If your result is going to be more than 16MB then you need to use the $out pipeline stage to output the data to a collection or use a pipeline API that returns a cursor to results instead of returning all the data inline (for some drivers this is a separate method, for others it is a flag passed to the same method).

(Real time) Small data aggregation MongoDB: triggers?

What is a reliable and efficient way to aggregate small data in MongoDB?
Currently, my data that needs to be aggregated is under 1 GB, but can go as high as 10 GB. I'm looking for a real time strategy or near real time (aggregation every 15 minutes).
It seems like the likes of Map/Reduce, Hadoop, Storm are all over kill. I know that triggers don't exist, but I found this one post that may be ideal for my situation. Is creating a trigger in MongoDB an ideal solution for real time small data aggregation?
MongoDB has two built-in options for aggregating data - the aggregation framework and map-reduce.
The aggregation framework is faster (executing as native C++ code as opposed to a JavaScript map-reduce job) but more limited in the sorts of aggregations that are supported. Map-reduce is very versatile and can support very complex aggregations but is slower than the aggregation framework and can be more difficult to code.
Either of these would be a good option for near real time aggregation.
One further consideration to take into account is that as of the 2.4 release the aggregation framework returns a single document containing its results and is therefore limited to returning 16MB of data. In contrast, MongoDB map-reduce jobs have no such limitation and may output directly to a collection. In the upcoming 2.6 release of MongoDB, the aggregation framework will also gain the ability to output directly to a collection, using the new $out operator.
Based on the description of your use case, I would recommend using map-reduce as I assume you need to output more than 16MB of data. Also, note that after the first map-reduce run you may run incremental map-reduce jobs that run only on the data that is new/changed and merge the results into the existing output collection.
As you know, MongoDB doesn't support triggers, but you may easily implement triggers in the application by tailing the MongoDB oplog. This blog post and this SO post cover the topic well.

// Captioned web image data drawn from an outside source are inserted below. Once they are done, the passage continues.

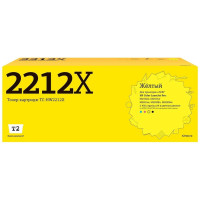 T2 W2212X картридж TC-HW2212X для HP CLJ Pro M255/M282/M283 (2450 стр.) Желтый, с чипом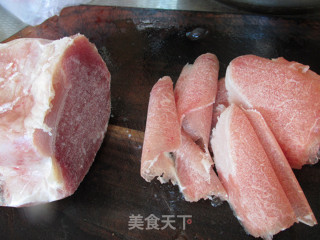 小白菜豆腐浸羊肉片步骤1
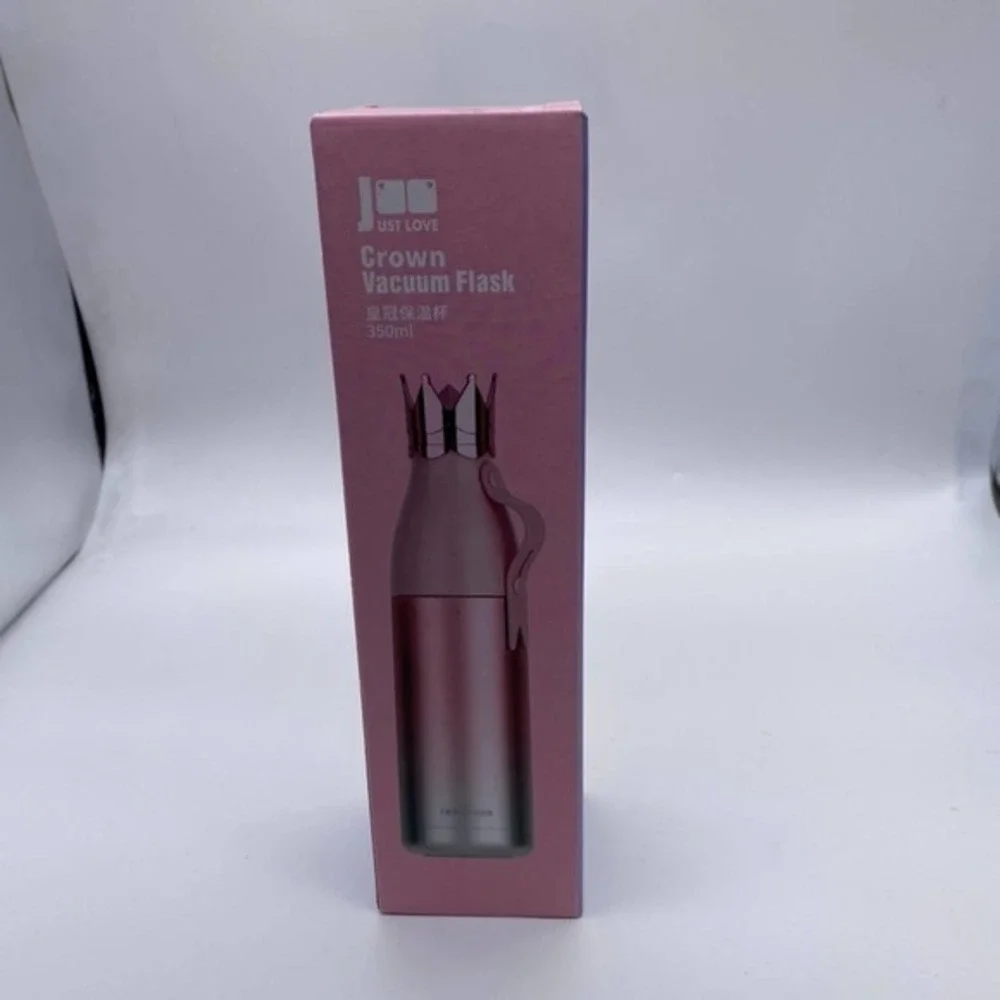 Crowned Insulation Mug Unisex 240ml Rose Gold Princesscore Aesthetic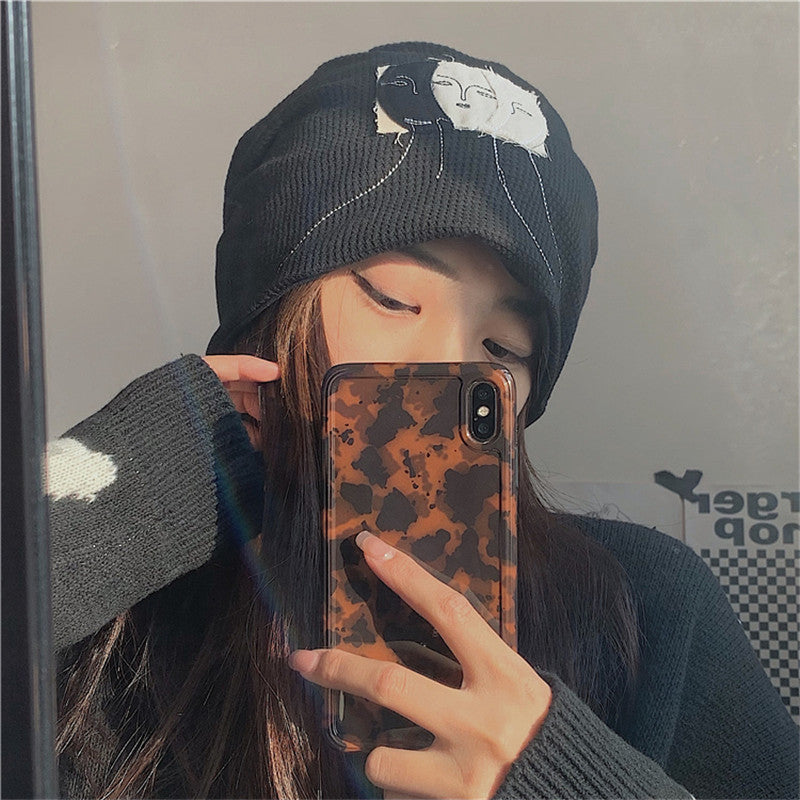 Black Knitted Wool Pile Hat ER5832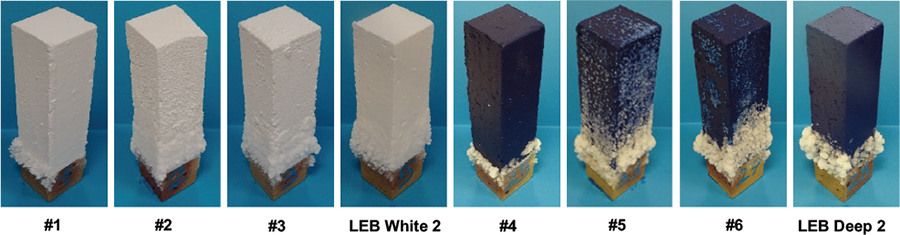 圖4為(wei) 白色和深色基層的抗老化能力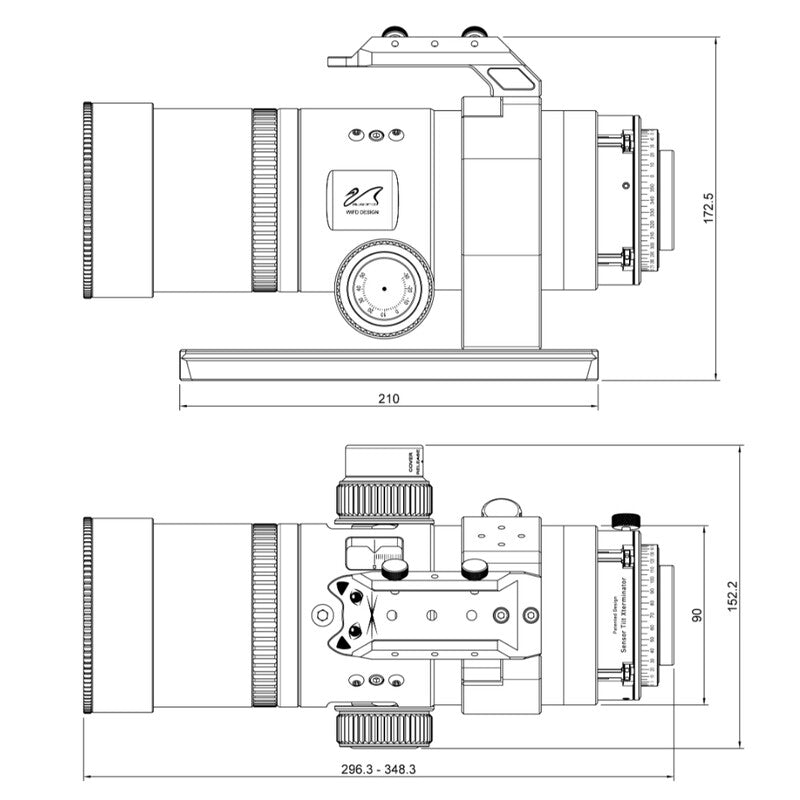 William Optics UltraCat 56/269 apokromatski refraktor (8)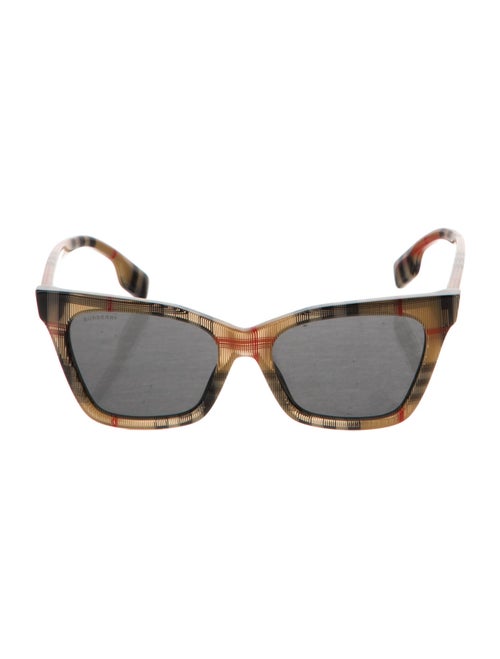 Burberry House Check Pattern Wayfarer Sunglasses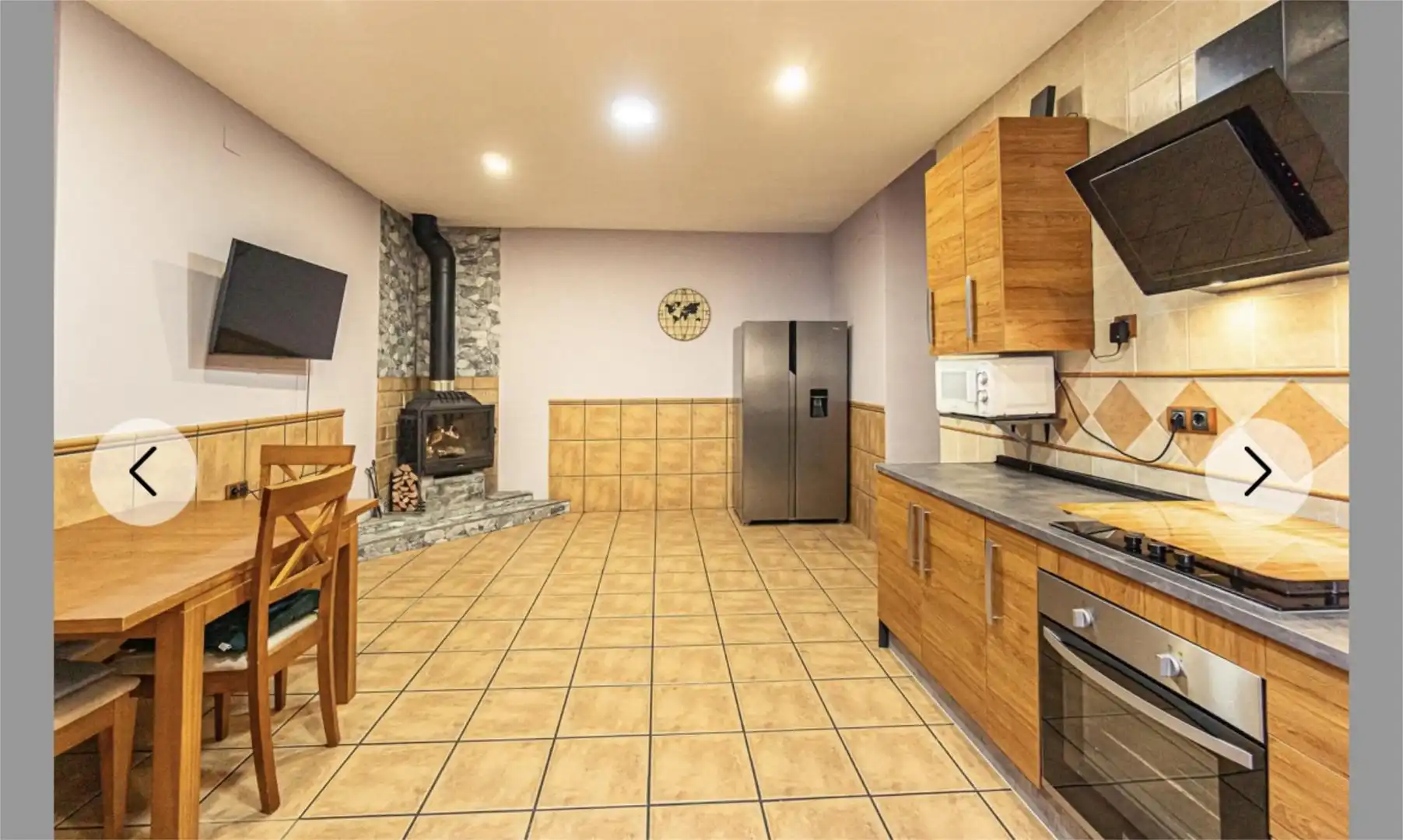 Casa adosada en venta en Calle Almeria, 12, Montillana Cocina de Casa adosada en venta en Montillana con Aire acondicionado, Calefacción y Terraza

Aggregation framework on full table scan

I know that aggregation framework is suitable if there is an initial $match pipeline to limit the collection to be aggregated. However, there may be times that the filtered collection may still be large, say around 2 million and the aggregation will involve $group. Is the aggregation framework fit to work on such a collection given a requirement to output results in at most 5 seconds. Currently I work on a single node. By performing the aggregation on a shard set, will there be a significant improvement in the performance.
As far as I know the only limitations are that the result of the aggregation can't surpass the limit of 16MB, since what it returns is a document and that's the limit size for a document in MongoDB. Also you can't use more than 10% of the total memory of the machine, for that usually $match phases are used to reduce the set you work with, or a $project phase to reduce the data per document.
Be aware that in a sharded environment after $group or $sort phases the aggregation is brought back to the MongoS before sending it to the next phase of the pipeline. Potentially the MongoS could be running in the same machine as your application and could hurt your application performance if not handled correctly.